What does better oral hygiene have to do with an uncertain future?

It will save you big bucks. For what I’ve paid to repair my teeth, I could have purchased two very nice full-immersion Disney vacation packages for my family. Even if I didn’t need the root canals, the infills, and the gum care, all my fillings have to be replaced as they age. Did you know that fillings don’t last forever? They don’t. Those cavities that got repaired when you were thirteen will have to be replaced when you are fifty.

The money you save can be substantial and for what cost? About fifteen minutes out of your day, maximum, plus floss, toothbrushes, toothpaste, and water. Your dentist may even GIVE you a new toothbrush every visit, along with some floss and toothpaste. Mine does. Dr Larson wants his patients to have tiptop teeth.

You’ll save pain. There is no pain like dental pain. It can affect every single part of your life, as you attempt to function while miserable with agony. I’ve had fillings come out, I’ve had root canals, I’ve had braces, I’ve had cracked teeth. The pain is awful.

Your teeth, like your sight and your hearing, never, ever get better on their own. Broken bones heal, cuts will leave a scar. You can have a surgeon remove your appendix and your gall bladder and you recover from the surgery, good as new.

Teeth don’t do that. You don’t grow new ones to replace the ones you have to have pulled. They don’t heal from trauma. They don’t knit themselves back together like a bone does. Cavities don’t fill themselves up. Ever. Let me repeat that. Teeth never, ever get better on their own. The purpose of all the dental work you do at home and your dentist does in his office is to stem the tide of entropy and decay.

Bad teeth, besides being astonishingly painful, can actually kill you. Yes, people have died from abscessed teeth. Think about that pocket of black decay in your mouth, so close to your sinuses, your eyes, your ears, your brain. Good oral care will go along way to preventing this.

Dental care in the future may be unavailable. You may not be able to afford a dentist or there may not be one you can reach. A daily habit of fastidious dental care will go a long way towards ensuring that if you are forced to go without dental care, you can manage until you can get to a dentist.

My tooth care is far better than what it was. I’ve had to change my lax ways to prevent more pain and more cost. When I see my elderly parents struggling every day with dentures, partial plates and routine pain, it reminds me that I don’t want to suffer the same thing. So I make myself rinse, floss, rinse, and brush. I try very hard to do this after every single meal, and when I go to bed. I fail a lot, but I have gotten much better.
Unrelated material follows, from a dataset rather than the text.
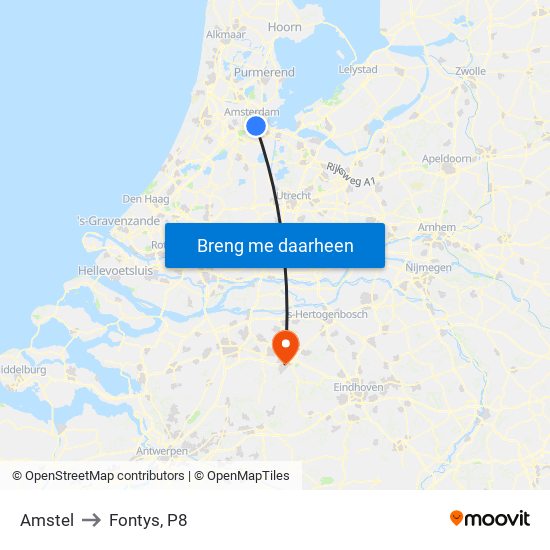 Amstel to Fontys, P8 map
Routine daily dental care is one of those things that seems so minor but it can have a big impact on your life. Just like exercising every day, you don’t see the impact now, in the moment, of taking the time out of your busy schedule to do these actions. But they both pay huge rewards over your lifetime; the rewards of being healthier, saving money, and preventing pain.

So remember: Rinse, Floss, Rinse, and Brush. Repeat after every meal and before you go to bed. Do it for a lifetime and your teeth will last you a lifetime.